I always thought that this was an innocent hobby. It’s actually rather cutthroat and involves a lot of fertilizer and water in the name of being number one. If you ask me, it’s more a human accomplishment that happens to involve a plant. Here are some tips of the pumpkin growing superstars, things that may seem a bit odd to the uninitiated. If you ask me, only true pumpkin maniacs would go so far in pursuit of a giant, unedible vegetable.
- Soil is most important. Most how-to articles recommend digging a pit five foot square and three feet deep (!) and filling it with a mixture of sheep, chicken, horse and cattle manure and leaf litter all mixed together with topsoil.
- Before germination, seeds are put in water and aerated with a fish tank bubbler “to introduce lots of oxygen into the water and to the seeds”.
- “Avoid touching the fruit with your bare hands…Wear clean gloves if you must,” writes one grower. Apparently pumpkins can suffer viral problems if actually touched.
- Growers keep diaries of daily measurements and progress of their plants
- Dowsers are sometimes hired to find a source of underground water. Growing pumpkins get as much as a thousand gallons of water a day.

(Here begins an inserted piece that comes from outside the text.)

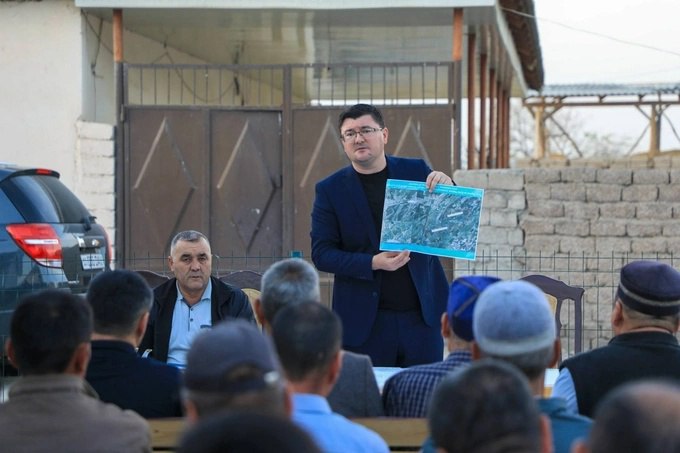 Под строительство нового международного аэропорта Ташкента снесут дома граждан Хоким Уртачирчикского района Ихтиёр Косимов провел встречу с жителями махалли Халкабад которая находится в населенном пункте Янгихаят и руководителями фермерских хозяйств В районном администрации отметили что для проекта были выделены земельные участки в махаллях Халкабад и Янгиюль На встрече были даны подробные разъяснения о выплате компенсаций домохозяйствам и за существующие здания и сооружения на территории фермерских хозяйств о порядке их выплаты а также были даны ответы на вопросы жителей и фермеров говорится в сообщении Новая воздушная гавань расположится на территории Уртачирчикского и Куйичирчикского районов на площади 1309 га Spot изучил карту и определил место размещения столичного аэропорта примерно в 7 км восточнее Янгиюля Вокруг него планируется построить гостиницы жилые комплексы логистические и сервисные объекты   www spot uz ru 2025 10 29 airport land На фото Ихтиёр Косимов по центру Telegram Instagram YouTube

- “Pumpkin cabanas” shade the actual fruit during mid-summer, while elaborate windbreaks protect them from the wind.
- Special heating units are dug into the soil before transplanting outside, so that the soil can be heated from below and above.
- One grower suggests treating transplants like newborn babies.
- Avoid soil compaction in the pumpkin patch: “Wear snowshoes if you must.”
I’ve realized that I don’t have the right personality type for this hobby. I’m not meticulous enough, I don’t own a pick-up truck to cart the thing around, and I think I’d rather have a messy pumpkin patch with lots of small happy little pumpkins for making into pie. Is there a contest for the happiest pumpkin patch?